MARCH 6, 1933
The top stories in the Norwalk Reflector-Herald on this date 74 years ago:
New jury to report here on March 3
The following is the new venire summoned to report on March 13 in common pleas court here for jury service:
Mrs. Ralph Sliter, Charles Curren, Hubert Smith, Jacob Fritz, Joseph Enzor, Harry Conklin, Frank J. Auble, Alvin Fritz, Gust Loew, Emil Meyer, H.R. Shaver, Fred W. Liles, Mrs. Cloice Dellinger, D.P. Grover, Carl Roerfler, William Daniels, Mrs. A.L. Ginste, Ralph Reed, Mrs. Harvey Miller, Aloes Miller, J.C. Wilheim and Harold Sams.
Miss O'Hara gets verdict of $7,125
This morning, a jury returned a personal injury verdict of $7,125 in common pleas court here in favor of Miss Evelyn O'Hara of New London. The defendant is Miss Elizabeth Humphrey, also of New London.
Miss O'Hara sued for $10,000. She was injured about a year ago when the motorcar in which she was riding hit a parked motor truck and trailer on Benedict Avenue near Christie Avenue in this city.
County banks anxious to give service
The State Superintendent of Banks today interpreted President Roosevelt's banking holiday proclamation as meaning that no business could be transacted by any of the banks in Ohio. Consequently, Huron County banks were not permitted to open today.
Local banks during the past week have gone much father than those in most communities to keep trade activity moving as much as possible.
Today the national regulations were awaited in ordered that they might take steps toward restoring normal credit facilities in the community. As fast as the information can be secured they are studying the methods, which the national government is devising to deal with the situation so as to lose no time in giving Huron County the earliest possible benefits of the program.
2,000 attend churches here Sunday night
About 750 persons including more than 100 young people crowded the Presbyterian church last night from front to back and from side to side when another union church meeting arranged by laymen of various local churches was held.

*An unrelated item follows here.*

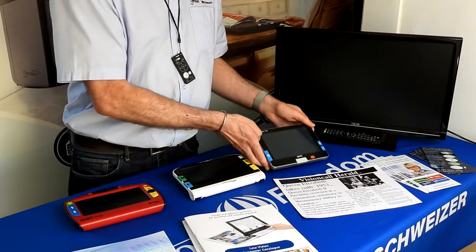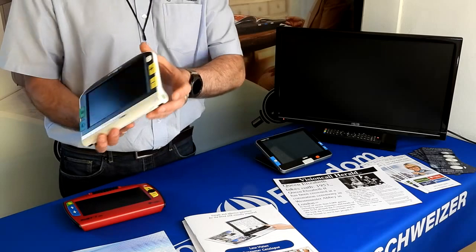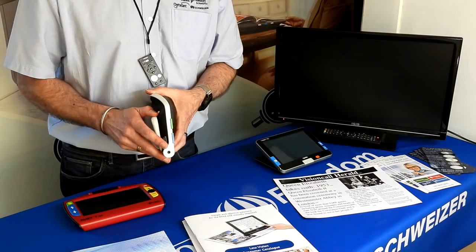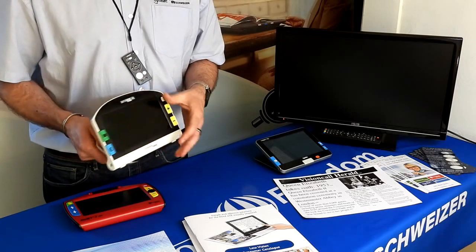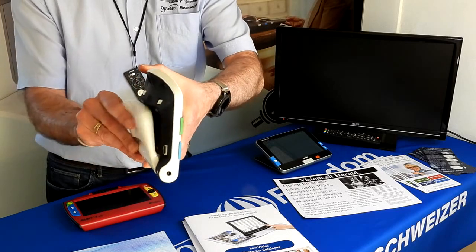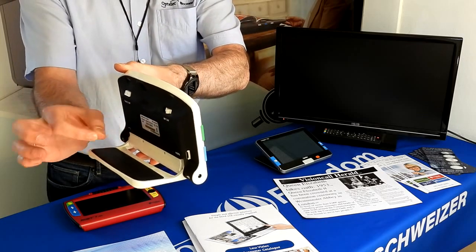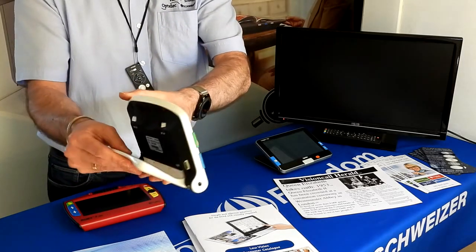For those who prefer something lighter, we have the Amigo. It has a power button on the side to turn the machine on and off. The battery life in all the machines is roughly four hours of continuous use and takes roughly 90 to 120 minutes for a full recharge. It also has the same clamshell design, with the extra benefit that it can open even wider, making it easier to write underneath or work with tasks like threading needles.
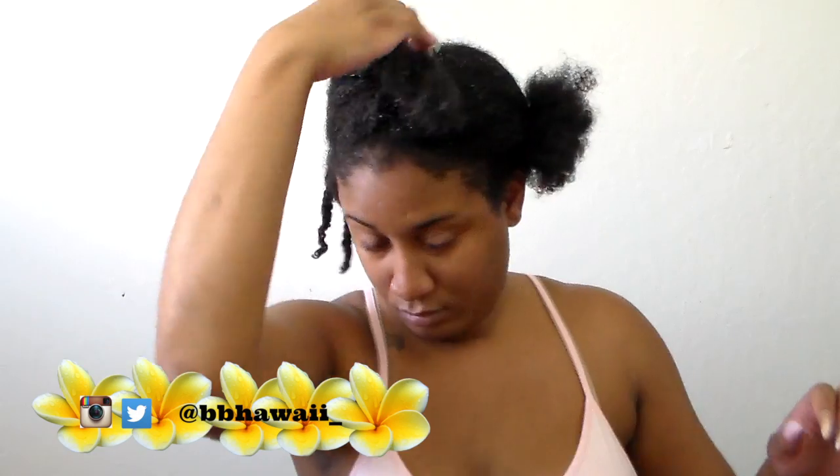I'm also going to be clipping my ends because I have a lot of split ends. I haven't had a trim in about six months, so it's due time. I'm not a professional, so don't do this and then blame me if something goes wrong — I'm just doing what works for me. I'm going to repeat this process throughout my hair until I complete my whole head with the twists.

Chairs were placed on each side of the organ at the rear of the seat section and in the aisles.
The audience was thrilled by the compelling sermon preached by the Rev. W.H. Shields and there was inspiring music sung by the choir and the congregation and splendidly interpreted organ numbers by Mrs. George S. Steward.
The Rev. S.H. Gross, rector of St. Paul's Episcopal Church, impressively read from Luke of the story of Zacheus, the undersized, hated and detested tax collector, who after being kept back by the crowds, climbed a sycamore tree to view the Master; and who heard the burning words, "Come down for today I must abide in your house."